You do this because an at-the-money option always has a delta of around 0.5. That means its value will initially change by half as much as any move in the stock price. You purchase twice as many calls to in effect target a net cash delta of 1, and to then benefit from positive gamma—gamma being the rate of change in the option’s delta as the stock moves. If the short takes off, the doubled-up call options that you own can increase in value even more than the short stock rises, potentially resulting in total profits on the strategy even as the short soars. To be wrong on a short (or a market hedge) and still make money when it rises is obviously a nice outcome.

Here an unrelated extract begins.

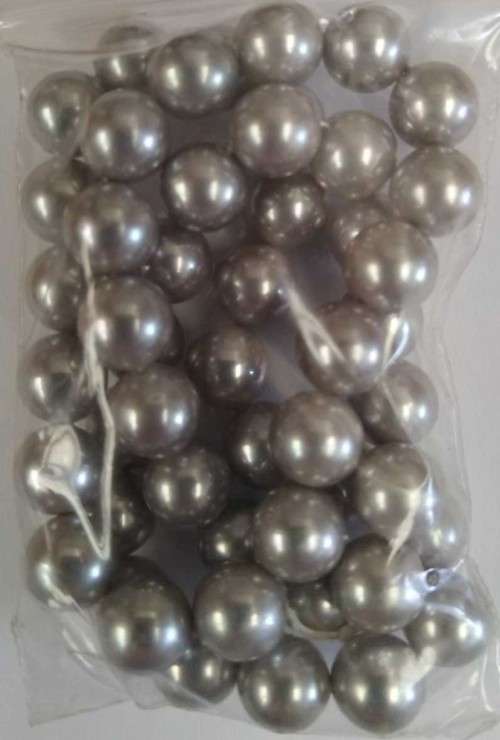 Shell Pearls, Round, Light Grey, 8mm, ±50pc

This strategy is particularly useful for stocks that may make dramatic moves—often speculative stocks that one also believes have significant downside, but that could instead run much higher. Of course, there is a downside to buying call options, let alone twice as many: This increases the total cost of your short, leading to a lower break-even price on the strategy. So, with this strategy, ideally the stock falls soon after you short it, so you can close it at your desired profit level, and also sell the calls for some residual value. Or, the stock simply falls so far that even though the calls you bought end up worthless, you’ve made your desired net return on the short. And once again, if the stock soars, you could also make money, and your risk is 100% capped. So, there are three ways to gain. Meanwhile, the clock is ticking since your calls typically expire in less than three months. If the stock goes nowhere, you lose the call value and need to reconsider the position.
Overall, buying calls on any short greatly limits the risk of that short, even though buying calls can also meaningfully add to the break-even price of the short. That’s even more true with this strategy, but setting up a delta neutral, gamma positive (DNGP) position could let you profit even if the short soars.
Risk is completely capped at your call’s strike price plus the cost you paid for the calls
Benefit from the stock’s full downside potential, minus the cost of the purchased calls
Depending on the cost to borrow, earn net interest on the proceeds raised from selling the stock short
It’s easy to close the position at a profit, at any time, if the stock declines enough
You can also earn a net profit if the stock rises
Buying calls increases the break-even on the short stock by the cost of the calls, let alone buying 2x the number of calls
The stock needs to fall enough, and soon enough, to result in a net profit after call costs
If the position hasn’t played out by the call’s expiration, you need to buy new calls, or make another decision; this strategy doesn’t “roll” well
Long Calls On a Short
Dialing the above strategy down by half, and often choosing a higher call strike price in the process, this strategy still meets the goal of containing the risk of a short, while reducing the cost of your protection compared to the above strategy.
In this case, if you short 500 shares of a stock at $30, for example, you could simultaneously buy 5 call options—covering the risk of all 500 shares—at a strike price of $35, expiring in six months. Let’s assume those calls cost $3 each, or 10% of the current share price. Your new short break-even price is $27, and your maximum risk is $35 (should the stock end expiration at $35 or higher). You still stand to profit handsomely should the stock fall to the mid-$20s or further, and you have peace of mind that your risk is capped.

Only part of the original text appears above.